### Task to carry out
What follows is a set of records. Retype them exactly, leaving out the pictures.
Top of Data provided
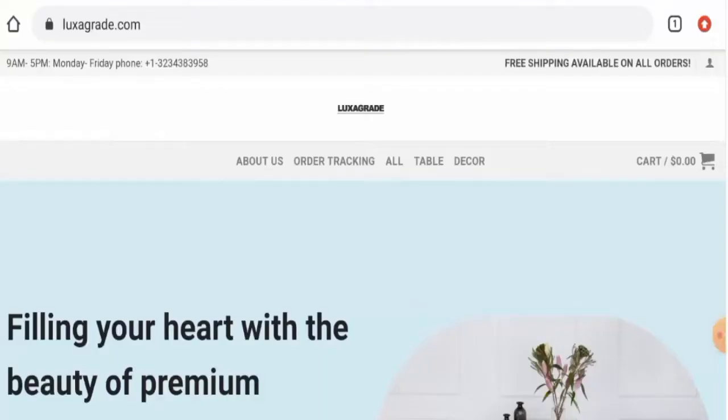Hi guys, hope you are all doing well. Would you like to know about Luxa Grade reviews? We are going to update you with this unbiased review in this video. If you want to buy any product from this site, or if you have already experienced any fraud, not received a product, or got a damaged product, please watch this video till the end to find out how to get your money back. People from the United States are very interested to know about this site.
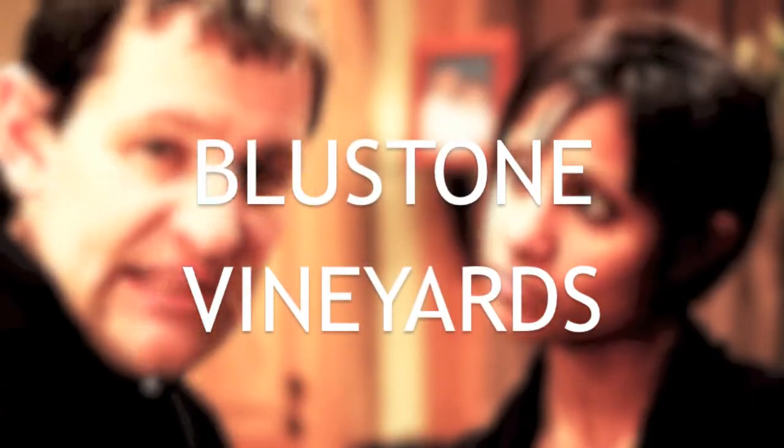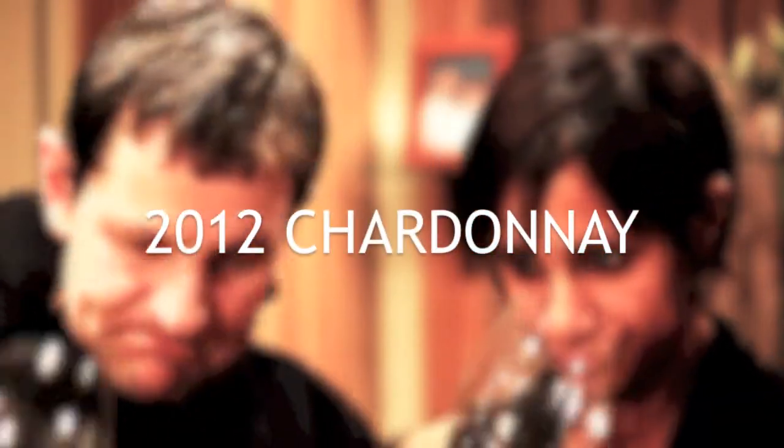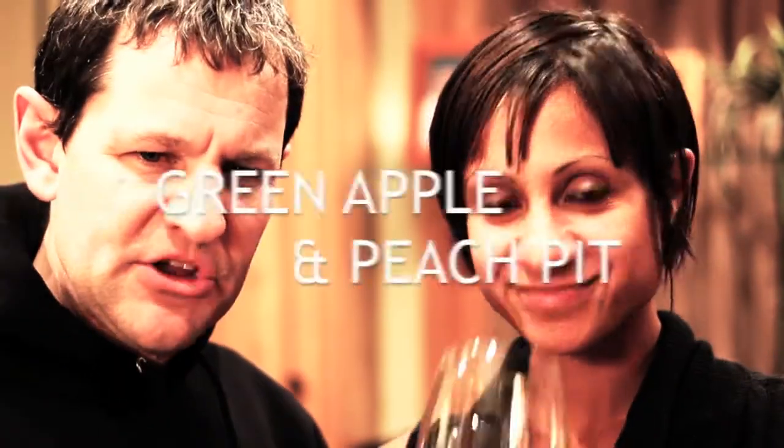Alright Peter, what's the story? Today folks we're doing a little bit of Bluestone Vineyards. This is out of Lake Leelanau in Michigan — northern Michigan. It's a 2012 Chardonnay. On the nose, what are you getting? A little bit of green apple, a little bit of peach, and also just a titch...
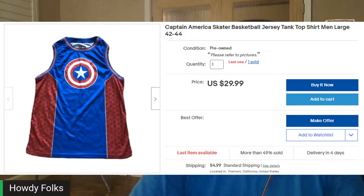Next up, another tank top — it's Captain America, just a basketball jersey type thing, nothing fancy. I have about a buck into this, maybe less. It sold for $24.99 out the door, and I sell these all the time. If you can get them for a buck or less, pick them up — they will sell eventually because people like superhero stuff.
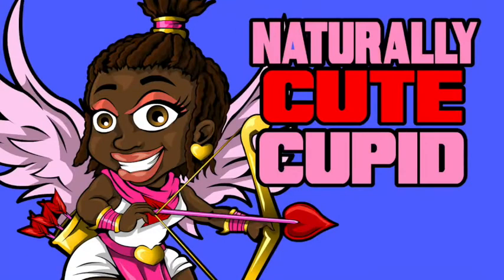Hey everyone, Chris Crazy House here again, and I wanted to showcase my new artwork that I created for Valentine's Day. I created a little naturally cute Cupid girl, and I will showcase how I created it.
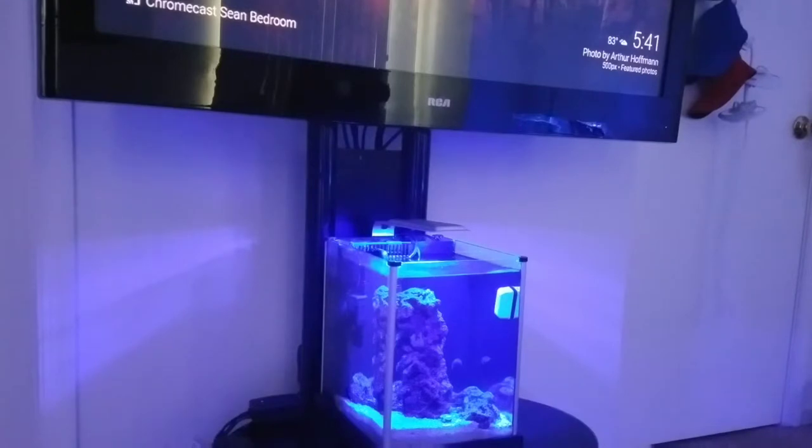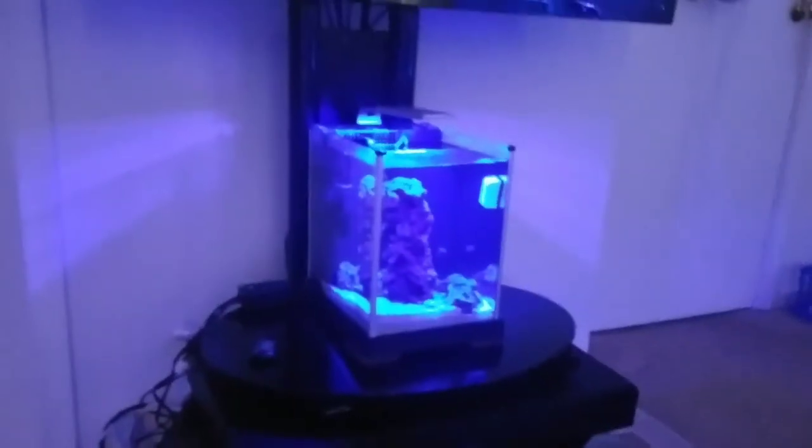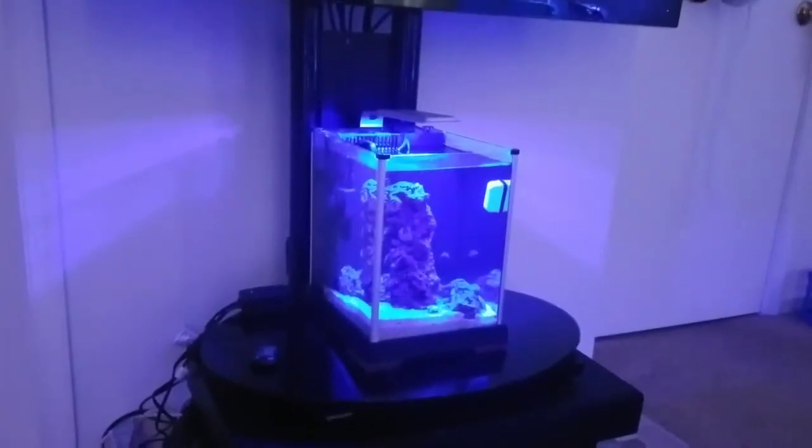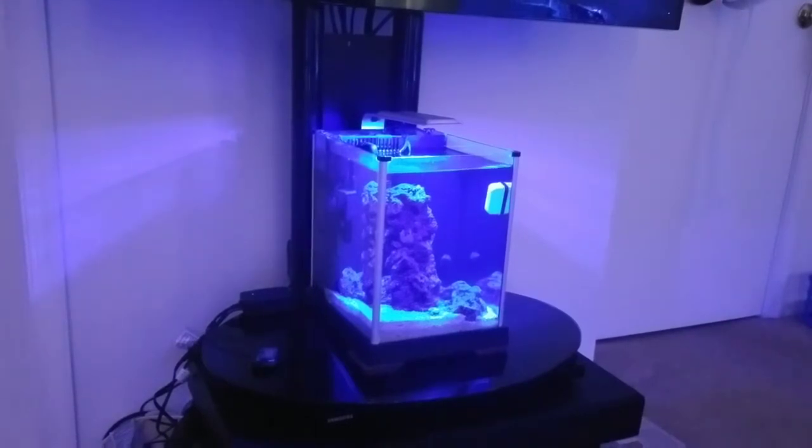CJ, if I win your nanotank, it's going to go right here underneath my TV — it's going to replace project Pico. If you've been watching my channel, project Pico is a heavily documented aquarium. It's one of my first and it's got several upgrades in it.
Bottom of Data provided
### Result of the exercise
Hi guys, hope you are all doing well. Would you like to know about Luxa Grade reviews? We are going to update you with this unbiased review in this video. If you want to buy any product from this site, or if you have already experienced any fraud, not received a product, or got a damaged product, please watch this video till the end to find out how to get your money back. People from the United States are very interested to know about this site.
Alright Peter, what's the story? Today folks we're doing a little bit of Bluestone Vineyards. This is out of Lake Leelanau in Michigan — northern Michigan. It's a 2012 Chardonnay. On the nose, what are you getting? A little bit of green apple, a little bit of peach, and also just a titch...
Next up, another tank top — it's Captain America, just a basketball jersey type thing, nothing fancy. I have about a buck into this, maybe less. It sold for $24.99 out the door, and I sell these all the time. If you can get them for a buck or less, pick them up — they will sell eventually because people like superhero stuff.
Hey everyone, Chris Crazy House here again, and I wanted to showcase my new artwork that I created for Valentine's Day. I created a little naturally cute Cupid girl, and I will showcase how I created it.
CJ, if I win your nanotank, it's going to go right here underneath my TV — it's going to replace project Pico. If you've been watching my channel, project Pico is a heavily documented aquarium. It's one of my first and it's got several upgrades in it.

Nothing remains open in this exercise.